I think, one solution to this issue would be to specify pressure correction 
frequency for each interaction such that only one interaction is corrected at 
any given iteration. Am I correct? Am I just re-iterating what you guys have 
already thought about :)

Thanks
Sikandar

Original comment by symasha...@gmail.com on 13 Nov 2013 at 5:29

GoogleCodeExporter commented 8 years ago
Well, yes, for multi-component systems, one would need to calculate the partial 
pressures. Espresso is able to do that, but Gromacs isn't.

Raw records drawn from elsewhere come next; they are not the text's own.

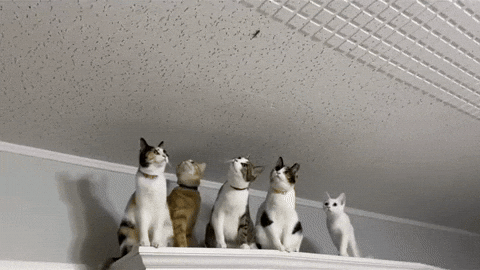 cuteanimalland giphyupload GIF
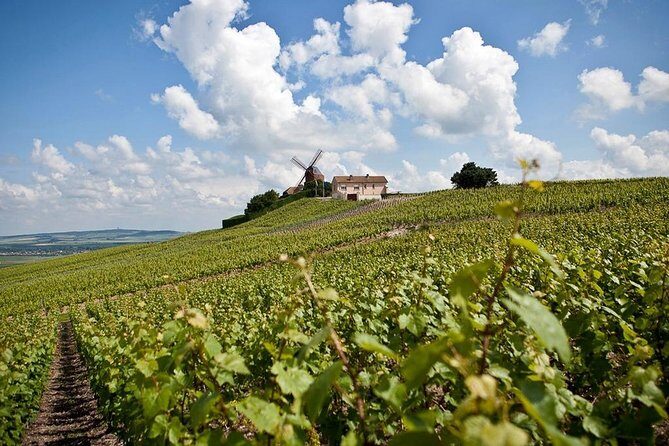 Private 10-hour round transfer to Champagne Epernay from Paris. Best offer! - What the Reviews Tell Us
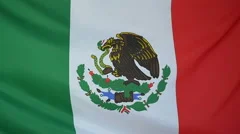 Slowmotion Real Textile Flag Of Mexico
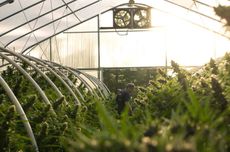 Cannabis grower Huckleberry Hills Farm in Humboldt County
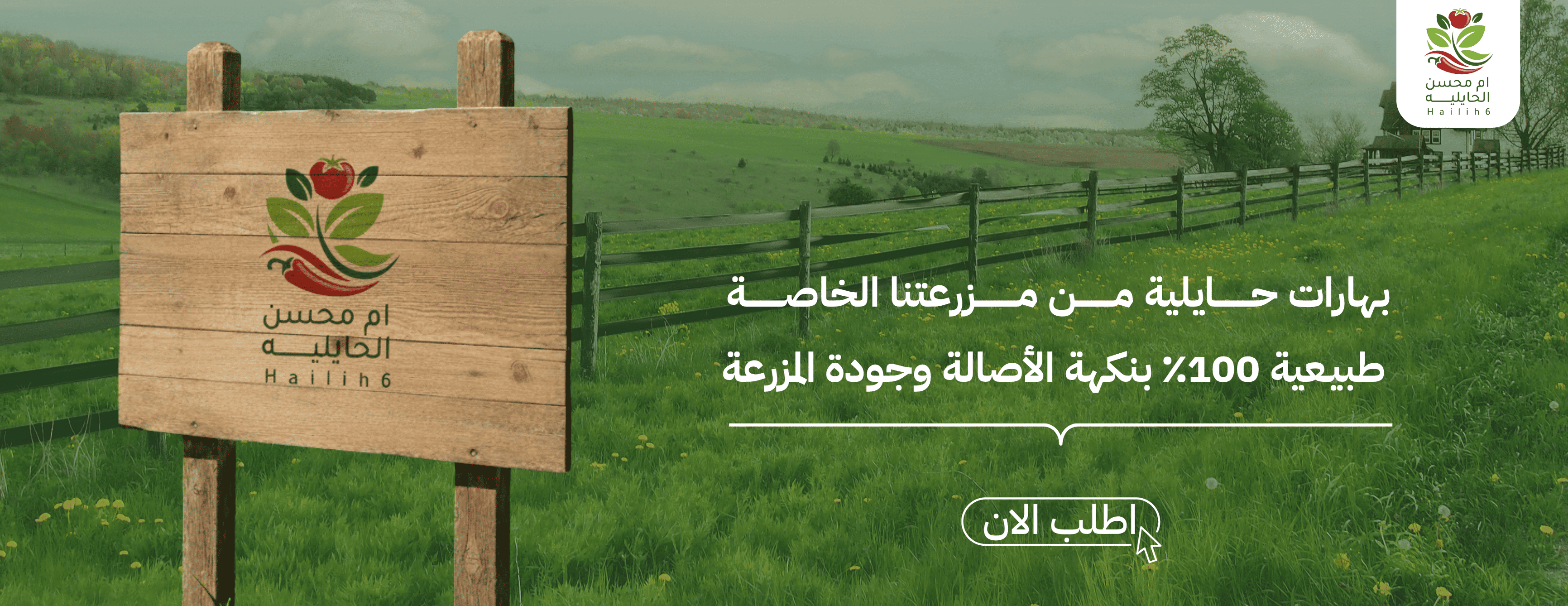 ام محسن الحايلية image-slider-0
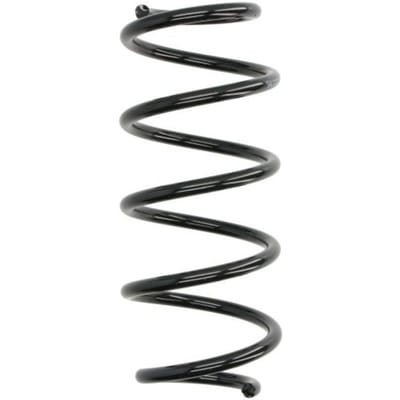 Chassisveer MAGNUM TECHNOLOGY SW198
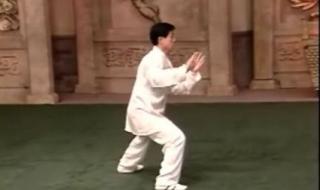 陈正雷老架一路教学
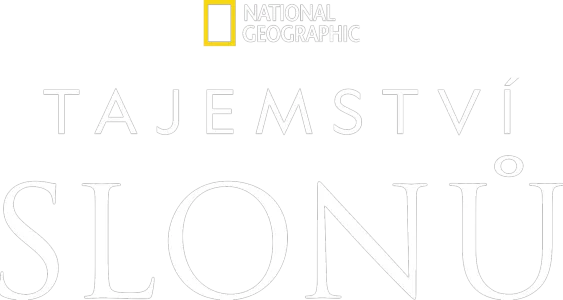 Tajemství slonů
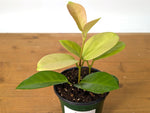 Hoya Skinneriana Fragrant Blooming Vining Houseplant 4 inch pot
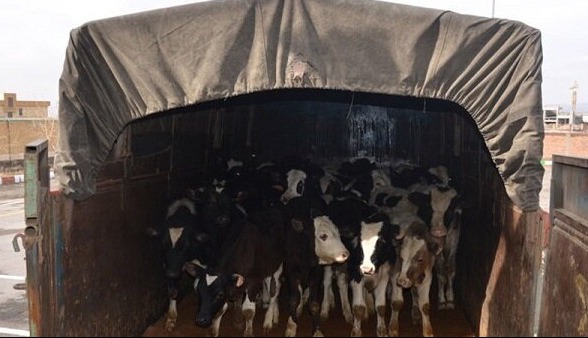 کشف ۲۹ رأس گوساله قاچاق و دستگیری ۱۰ نفر در مراغه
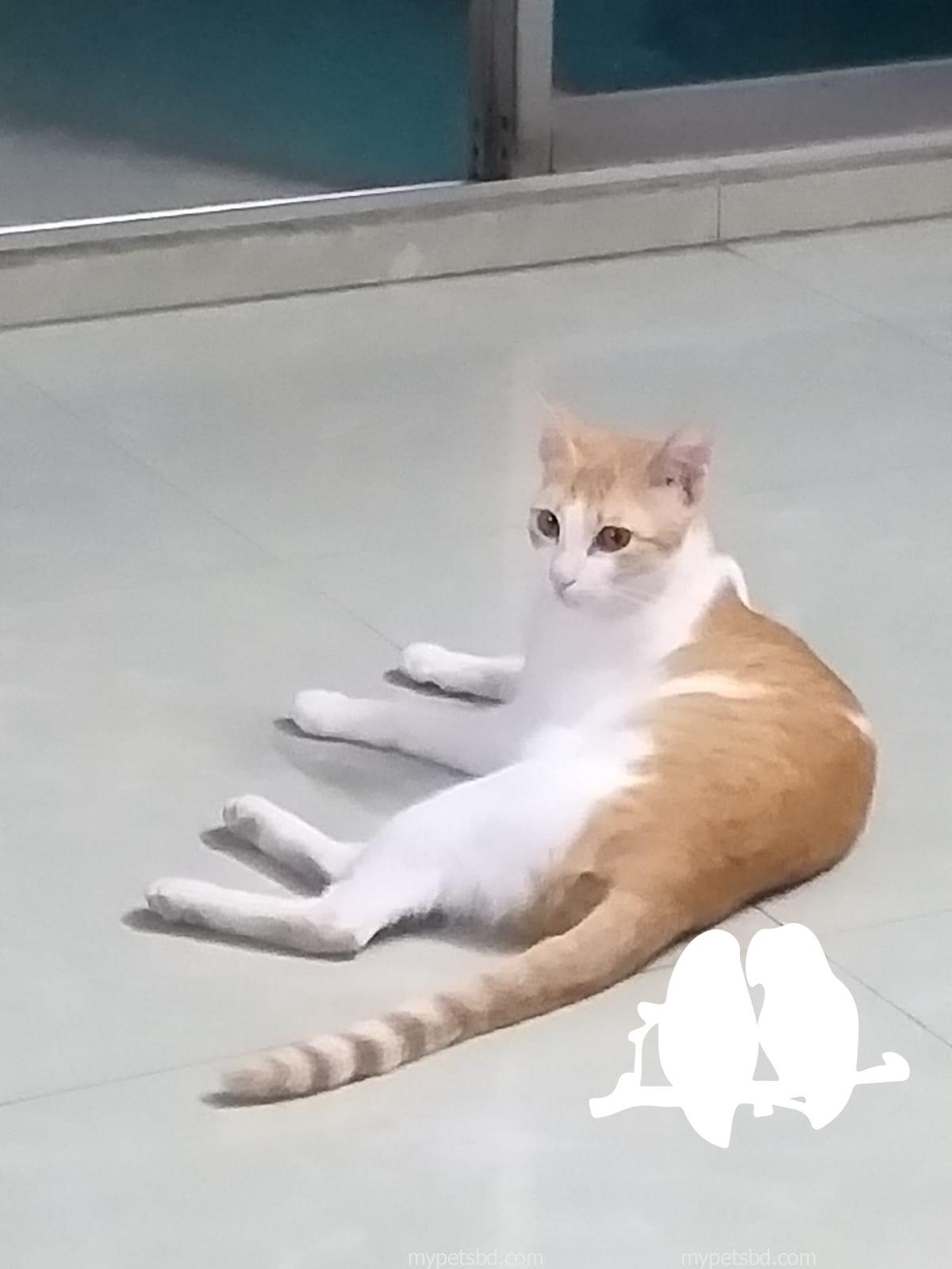 জরুরি Adoption: ৩ বছর বয়সী সুস্থ দেশি বিড়াল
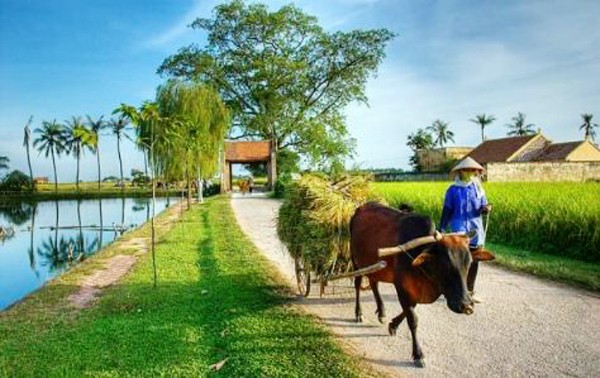 Hanoi lidera la construcción de nuevo campo - ảnh 3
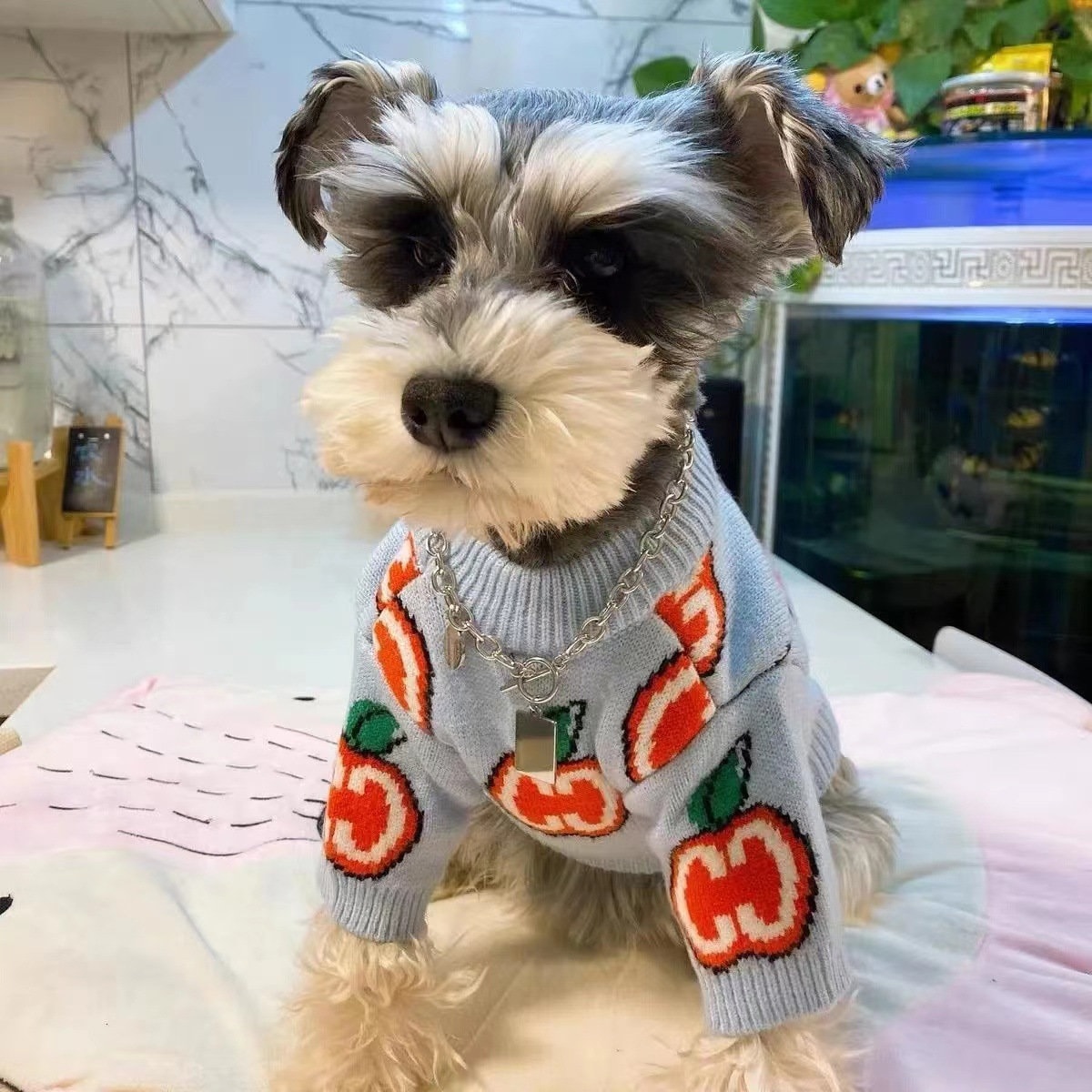 Gucci Dog Clothes - Etsy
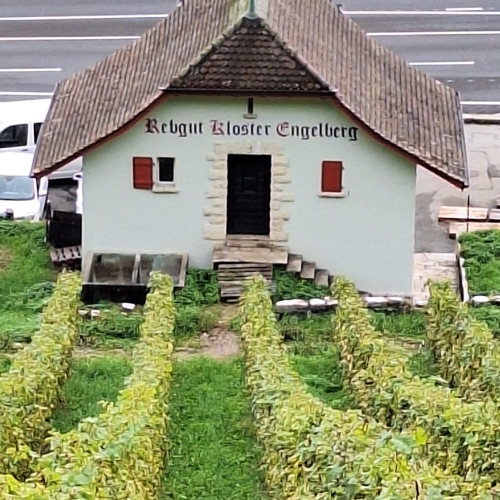 48_01_Engelberg am Bielersee lässt grüssen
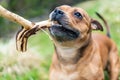 Active and happy Staffordshire bull terrier are running/fetching stick outdoors in nature.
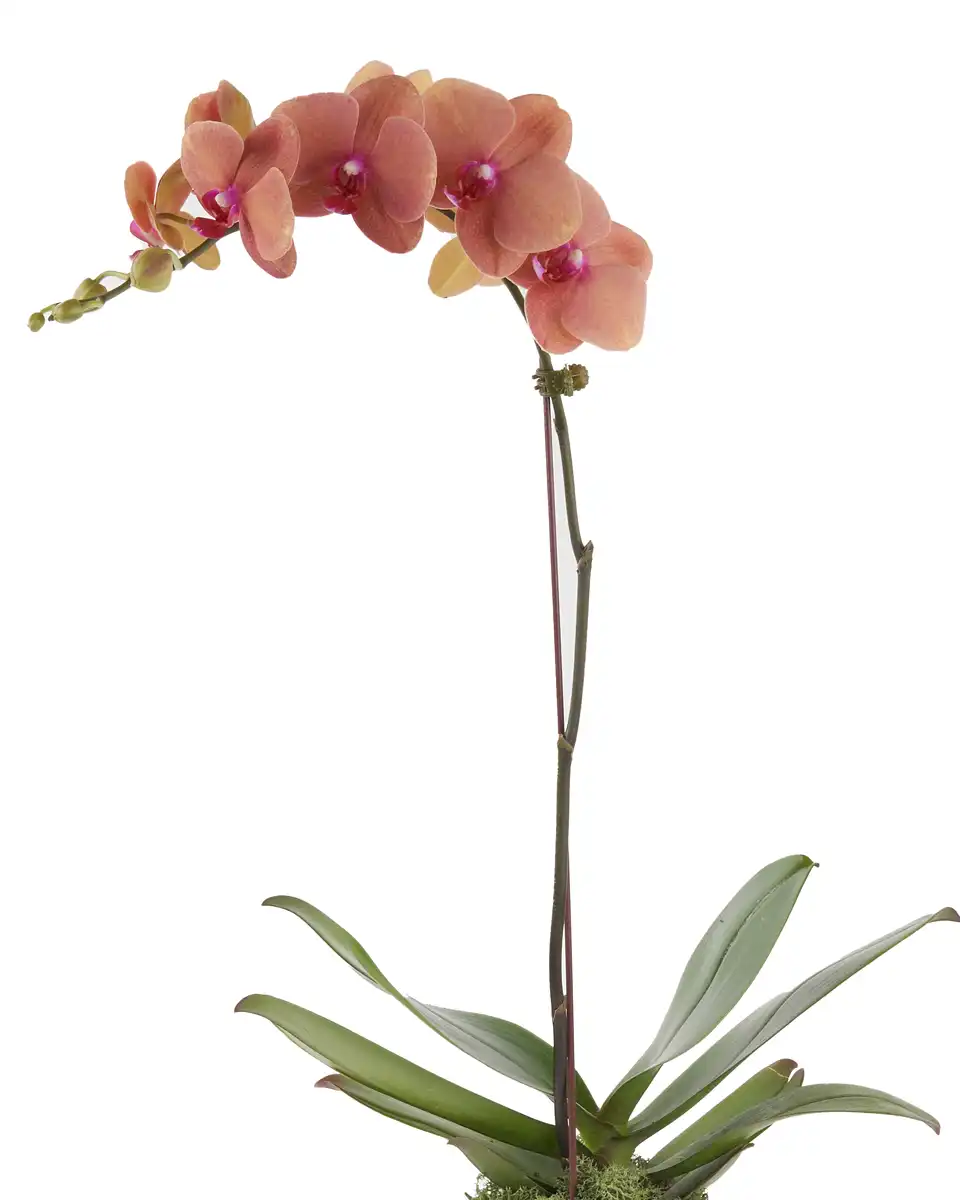 Golden Beauty Mar 2025 5 Golden Beauty Mar 2025 5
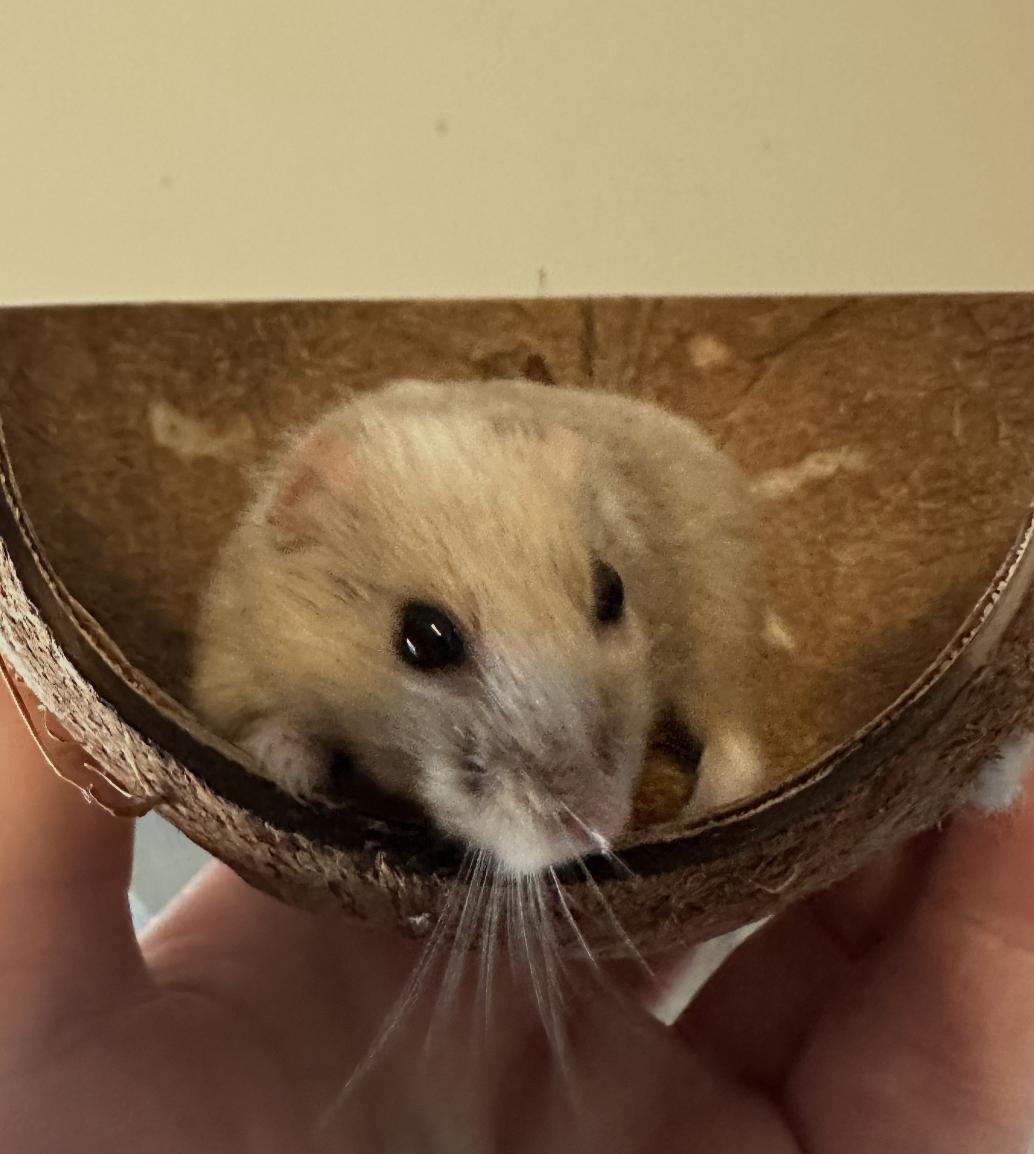 Enlarge Castiel, a ADOPTABLE Dwarf Hamster in Minneapolis, MN image 4/4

We always had the 
plan to add this feature to Gromacs, but as pressure correction got less and 
less popular with the years, so it never happened. (We should add a warning to 
csg_inverse though!)

Considering that all components contribute equally according to the number of 
pairs, one can calculate an estimate for the partial pressures. Technically the 
ratio, N_pairs_XY/N_pairs_total can then be used as the scale of the pressure 
correction. However, this approximation is pretty crude.

Original comment by christop...@gmail.com on 13 Nov 2013 at 5:56

GoogleCodeExporter commented 8 years ago
one more option to get partial pressures from gromacs would be to do mdrun
-rerun with energy exclusion group. With this option one can exclude all
interactions except for a given pair of particles and then the pressure
from g_energy will have virial component due to interaction of interest.